On March 2nd, Spanish philosopher Susana Monsó gave a fascinating talk at the Vetmeduni about her book “Playing Possum: How Animals Understand Death,” whose German translation “Das Schweigen der Schimpansen: Wie Tiere den Tod verstehen” was recently awarded Austria's 2026 “Science Book of the Year” in the category of science/technology by the Austrian Federal Ministry for Women, Science and Research.[1] Drawing on the fields of comparative thanatology and the philosophy of mind, Susana asks whether nonhuman animals can have a concept of death and shows which mistakes and biases one should avoid in thinking about these matters.

 

Comparative thanatology is an interdisciplinary field of study focused on how non-human animals perceive, respond to, and interact with death and dying. Much of the scholarly literature in comparative thanatology deals with anecdotes of animals that respond to death with behaviours resembling human grief. An example is the story of orca whale Tahlequah who carried the corpse of her calf for more than two weeks, over a distance of more than 1,000 miles, across the ocean.

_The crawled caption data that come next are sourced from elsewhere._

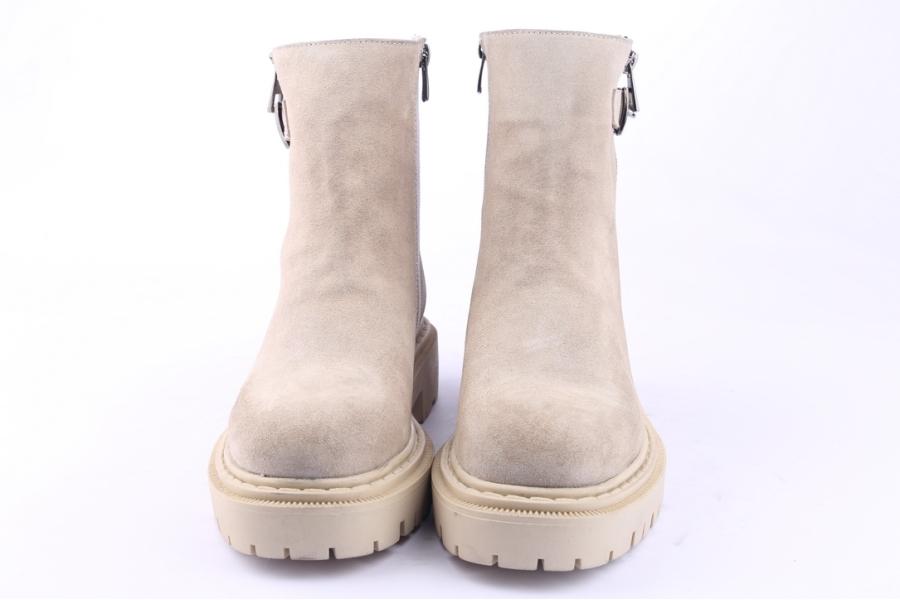 D.moro Shoes Women Suede Leather Ankle Boots For Winter: MINERAL6 Beige (Wholesale)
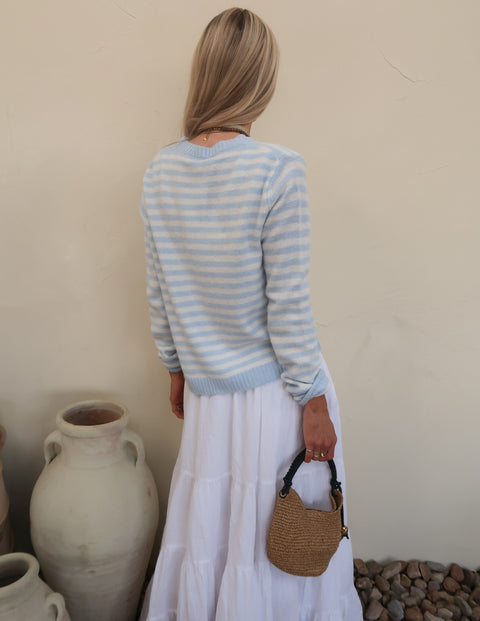 Esmerée Striped Cardigan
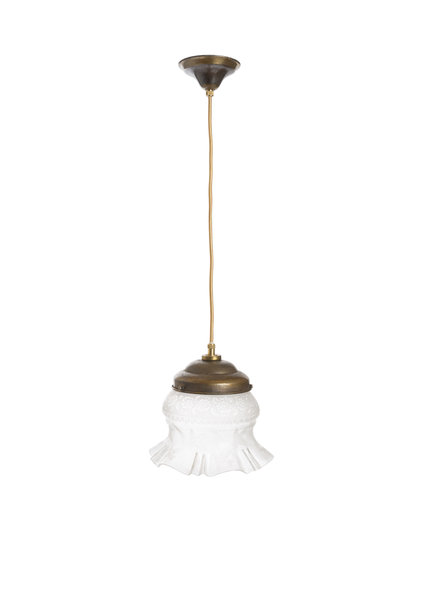 Klassieke Hanglamp met Geciseleerd Glas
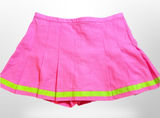 💖 Lilly Pulitzer Preppy Pink Tennis Skort | Lime Green Trim | Size 4 Photo 0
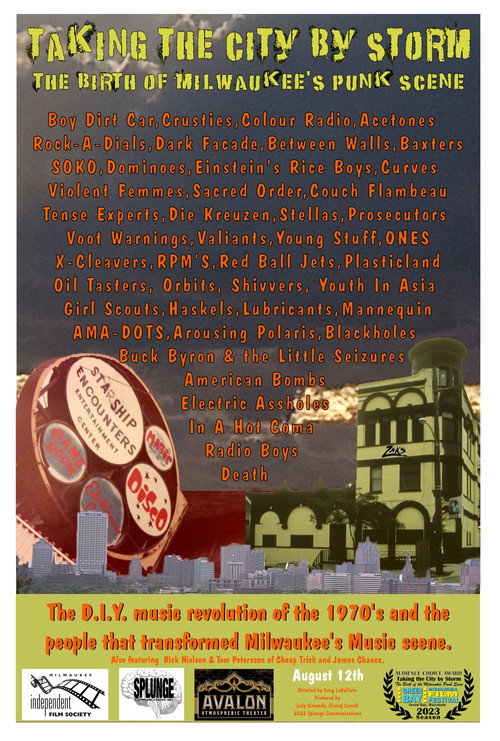 Movie poster for Taking the City By Storm: The Birth of Milwaukee's Punk Scene (2023)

Susana argues we need to be mindful of anthropomorphization when we try to make sense of such behaviour. Anthropomorphism is the unjustified attribution of typically human traits or characteristics to animals. When it comes to death, the fact that an animal’s behaviour resembles human mourning is not sufficient evidence to infer that it is mourning.

 

Anthropomorphism is not the only challenge in determining whether non-human animals understand death. In this post I am going to focus on three other pernicious biases Susana discussed in her book and in her presentation, namely anthropectomy, intellectual anthropocentrism and emotional anthropocentricsm.

 

Intellectual Anthropocentrism and Anthropectomy


Comparative thanatology tends to be intellectually anthropocentric because it uses human concepts of death as its baseline, Susana points out. This renders the conditions for an understanding of death very demanding because they are linked to capacities like a theory of mind and conceptualizations of life, absence, and time. If the bar is set so high then the question of whether nonhuman animals can have a concept of death will be, according to Susana, an unequivocal “no”. This points to another problem in comparative thanatology, anthropectomy: the erroneous denial of typically human characteristics in animals. But just because animals might not share our human concept of death does not imply that they lack an understanding of it. A concept of death might not be a matter of all-or-nothing, Susana thinks. It is for this reason that she asks whether animals can have anything that counts as a concept of death.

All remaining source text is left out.